Turkey also wants to increase its leverage over this country. But it cannot influence the Shiite forces and parties that control the Iraqi politics now. This is why the Turkish government worked behind the scenes to help build the Al Iraqiya coalition, which was supported by ex Baathists, Sunni secular nationalists and Turkmen. Turkish support for the coalition prompted protests from the leaders of Shiite and Kurdish organizations, which sent messages of discontent to Ankara.
When the election result was known the Turkish government was taken by surprise. Although Al Iraqiya came first, it did not gain enough seats to form a government. Therefore, Ankara failed to turn their support into a political triumph. Even after the election, Ankara kept on ignoring the Shiite groups and Kurds and instead insisted on strengthening its ties with Al Iraqiya. Finally, the Kurds and Shiites parties sat around a table and found common ground to set up an executive.
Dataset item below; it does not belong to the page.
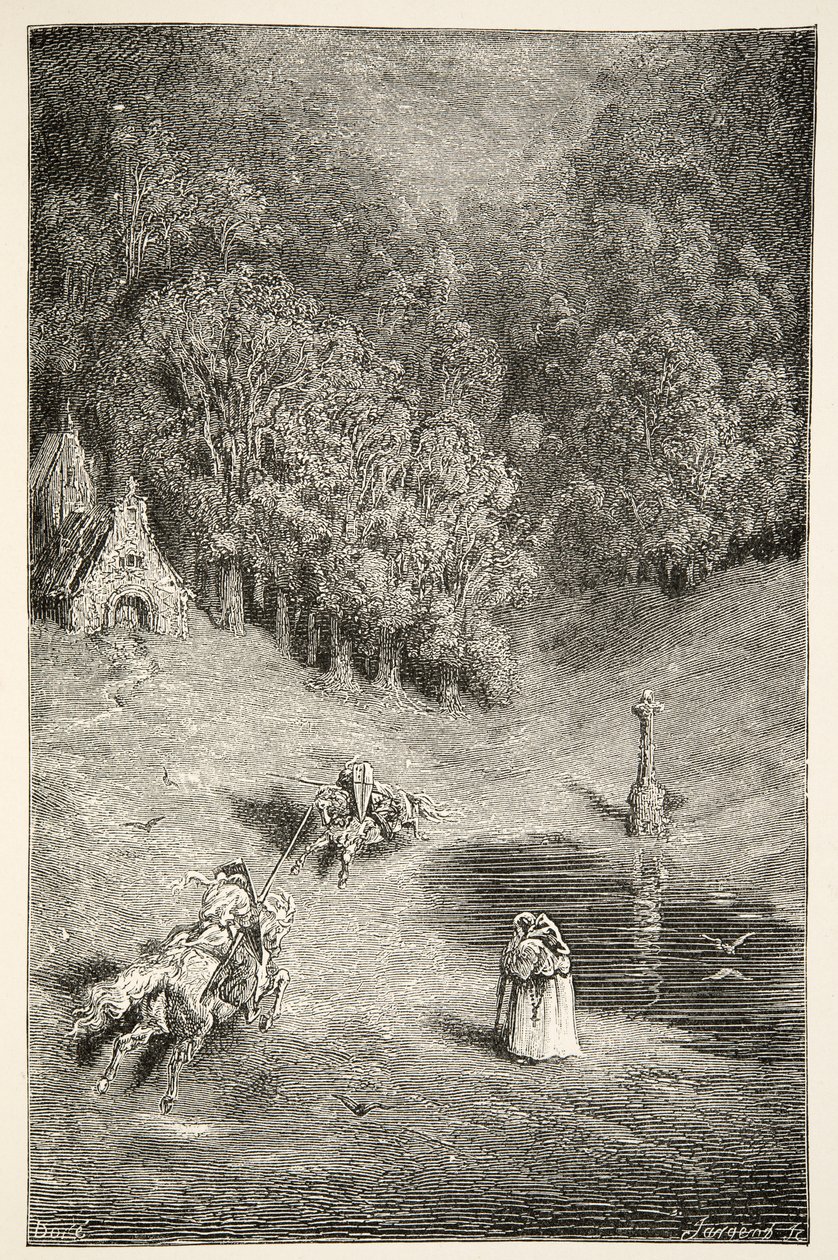 The Encounter between Arthur and Pellinore, from Stories of the Days of King Arthur by Charles Henry Hanson, pub.1898 by Gustave Dore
According to Cengiz Candar, a prominent Turkish expert on Middle East affairs, Ankara also wanted a Sunni president, especially Sunni Vice President Tariq al-Hashimi, instead of Kurdish Jalal Talabani. However, both Talabani and the other Iraqi Kurdish leader, Massoud Barzani, supported the first one´s bid for presidency and Turkish plans failed.
At a point, Erdogan seemed to realize that if Turkey wanted to expand its influence in Iraq, then it needed to reach out to Shiites and Kurds. This is perhaps why Erdogan became the first Turkish PM who visited Najaf, the religious center of the Shiites in Iraq, and Irbil, capital of the Kurdish autonomous region. However, he was unable to overcome widespread suspicion towards Turkey´s intentions.
The relations between Turkey and Iraq reached another lower point when Erdogan publicly supported Iraqi Hashemi, who has been accused of having links with terrorist groups by the Iraqi authorities. On December 19, 2011, an investigative committee within Iraq´s Interior Ministry issued an arrest warrant for Hashemi after three of his bodyguards made confessions of taking orders from him to carry out the terrorist attacks. Hashemi later fled to the Kurdistan region.
On January19, Erdogan warned Maliki that Ankara would not remain silent if he promoted a sectarian conflict in his country. Maliki´s office responded with a statement again criticizing Turkey´s “interference” in Iraq's affairs. “This is not acceptable in the dealings between officials of different states and especially from heads of state,” Maliki´s office said. “Erdogan has to be more careful in handling the usual protocols in international relations.”
In a posterior interview with al-Hurra television in January, Maliki said: “Turkey is unfortunately playing a role which may lead to disaster and civil war in the region.”
The tension with Iraq could have serious economic consequences for Turkey, which has already lost the Syrian market. It is noteworthy to point out that Iraq is now Turkey´s second biggest export market after Germany, with trade volume between the two reaching nearly 12 billion dollars in 2011. In the political field, the conflict is likely to further diminish Ankara´s influence over its neighbour.